Thursday, April 8, 2010

When a little makes a big difference

One characteristic feature of strongly correlated electron systems that I think should be talked more is how sensitive they are to small perturbations. This is particularly true in frustrated systems. A related issue is that there are often several competing phases which are very close in energy. This can make variational wave functions unreliable. Getting a good variational energy may not be a good indication that the wave function captures the key physics.

Here are two concrete examples to illustrate my point.
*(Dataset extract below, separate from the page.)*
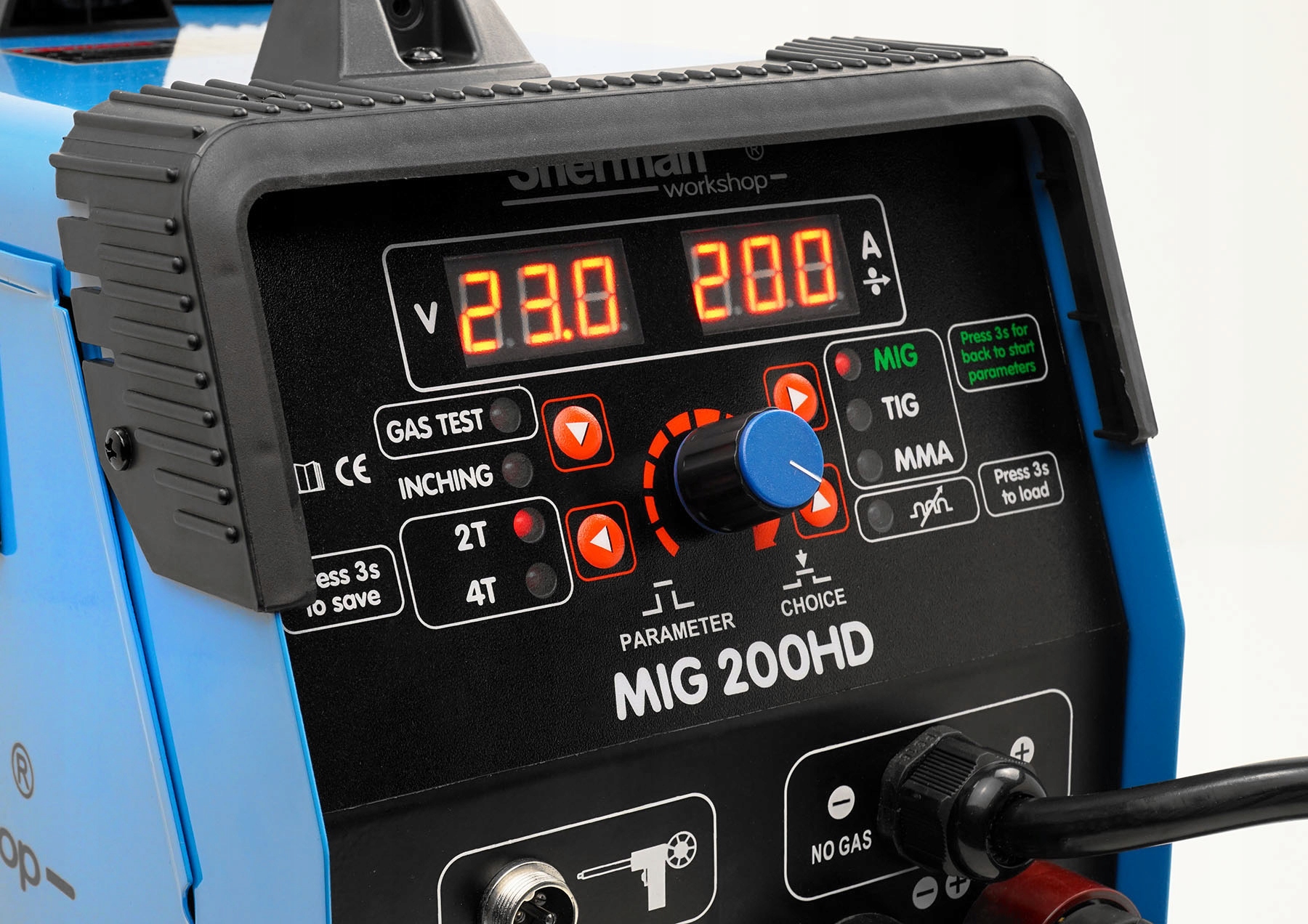 Spawarka MIGOMAT SHERMAN MIG 200A MMA TIG Synergia Model Sherman MIG 200HD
Consider the spin 1/2 Heisenberg model on the isotropic triangular on a lattice of 36 sites, and with exchange interaction J. Exact diagonalisation gives a ground state energy per site of -0.5604 J and a net magnetic moment (with 120 degree order as in the classical model) of 0.4, compared to the classical value of 0.2.
In contrast, a variational short-range RVB wavefunction has zero magnetic moment and a ground state energy of -0.5579 J, which is only 0.5% larger than the exact value.
Yet, it is qualitatively incorrect because it predicts no magnetic order (and spontaneous symmetry breaking) in the thermodynamic limit. Furthermore, the energy difference is about 1/500 of J.
[For details and references see Table III in this paper].

The second example concerns the spin 1/2 Heisenberg model on the anisotropic triangular lattice, viewed as chains with exchange J and frustrated interchain coupling J'. For J ~ 3 J' this describes the compound Cs2CuCl4.
The figure below (taken from this paper) shows the calculated triplet excitation spectrum of the model, with a small Dzyaloshinski-Moriya interaction D, and without (D=0). It is striking that even though D ~J/20 it induces energy changes in the spectrum of energies as large as J/3, including new energy gaps.